As Relações de Jovens Periféricos de São Paulo com Informações Científicas Sobre a Covid – 19 no Período Pandêmico
A Revista Eletrônica PesquisABC possui o seguinte registro ISSN: 2675-1461
Amanda Rodrigues Oliveira*, Tárcio Minto Fabrício**.
* ETEC Sapopemba – PIBIC/EM Universidade Federal do ABC
* Universidade Federal do ABC
Resumo: Esta investigação teve como objetivo identificar o interesse do público jovem de um bairro periférico da cidade de São Paulo sobre temas relacionados à Covid-19 durante a pandemia, bem como avaliar o papel dos meios de comunicação, especialmente digitais, e dos divulgadores científicos na circulação de informações científicas sobre a doença.

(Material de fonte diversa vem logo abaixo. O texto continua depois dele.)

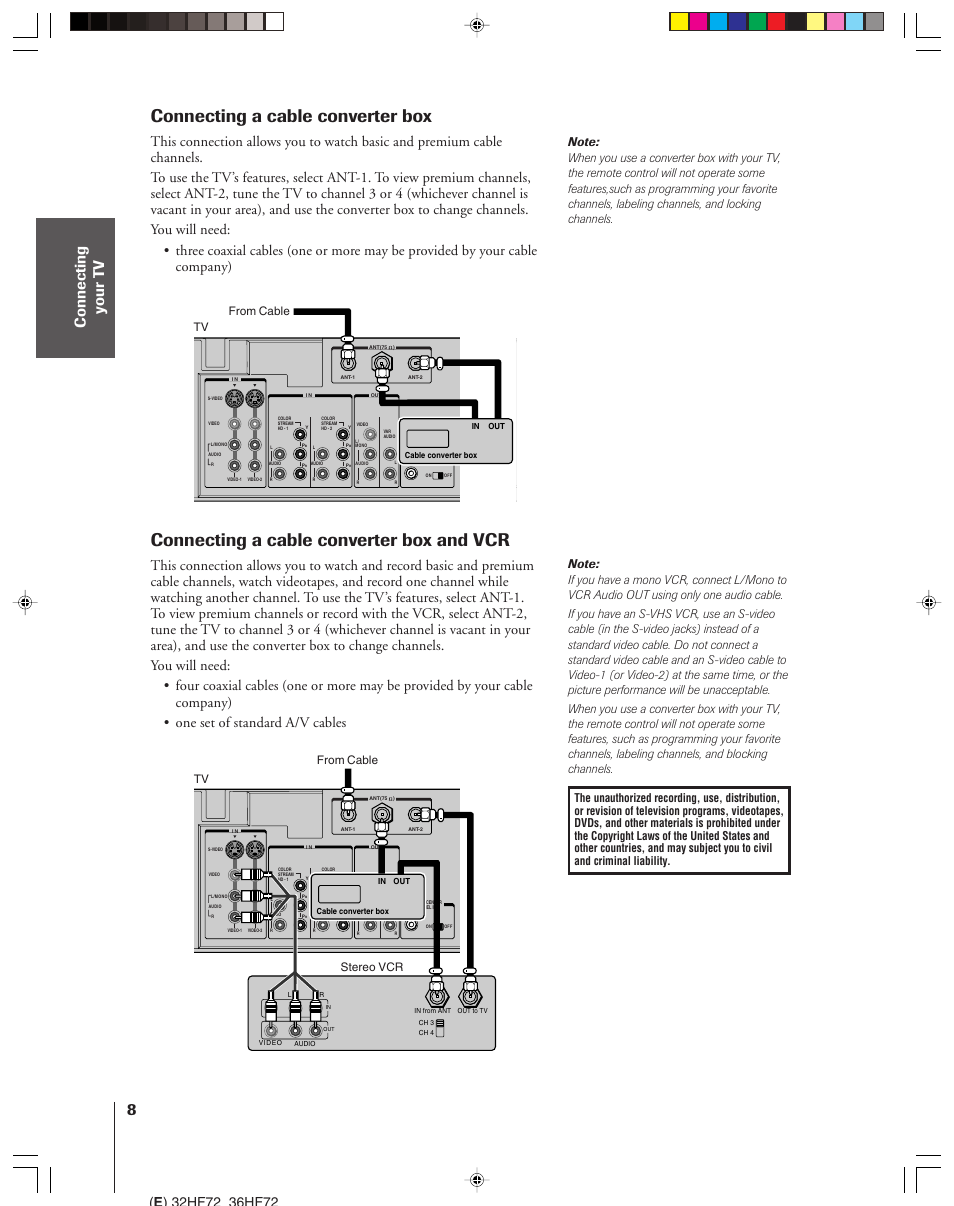 Cable converter box and vcr, Connecting a cable converter box, Connecting a cable converter box and vcr | Toshiba 32HF72 User Manual | Page 8 / 55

Para tanto, seus dados foram coletados junto a estudantes da “Escola Técnica Estadual (ETEC) de Sapopemba”, localizada no município de São Paulo - SP, com a utilização de um questionário eletrônico. A pesquisa contou com 82 participantes. Em relação aos meios de comunicação onde os participantes buscavam informação, a Televisão foi preponderante. Entre as personagens lembradas como fontes de informação, Jornalistas e Apresentadores de TV, constituíram a maioria das respostas. A predominância da Televisão como principal veículo de informação entre esses jovens chama a atenção, uma vez que o grupo tem domínio e acesso à internet. Também chama atenção o fato de esses jovens buscarem informações especialmente no jornalismo profissional, atribuindo sua confiança nas fontes à credibilidade de tais profissionais ou, ainda, dos veículos aos quais eles estão inseridos, e à redundância de informações, o que revela um nível elevado de alfabetização midiática.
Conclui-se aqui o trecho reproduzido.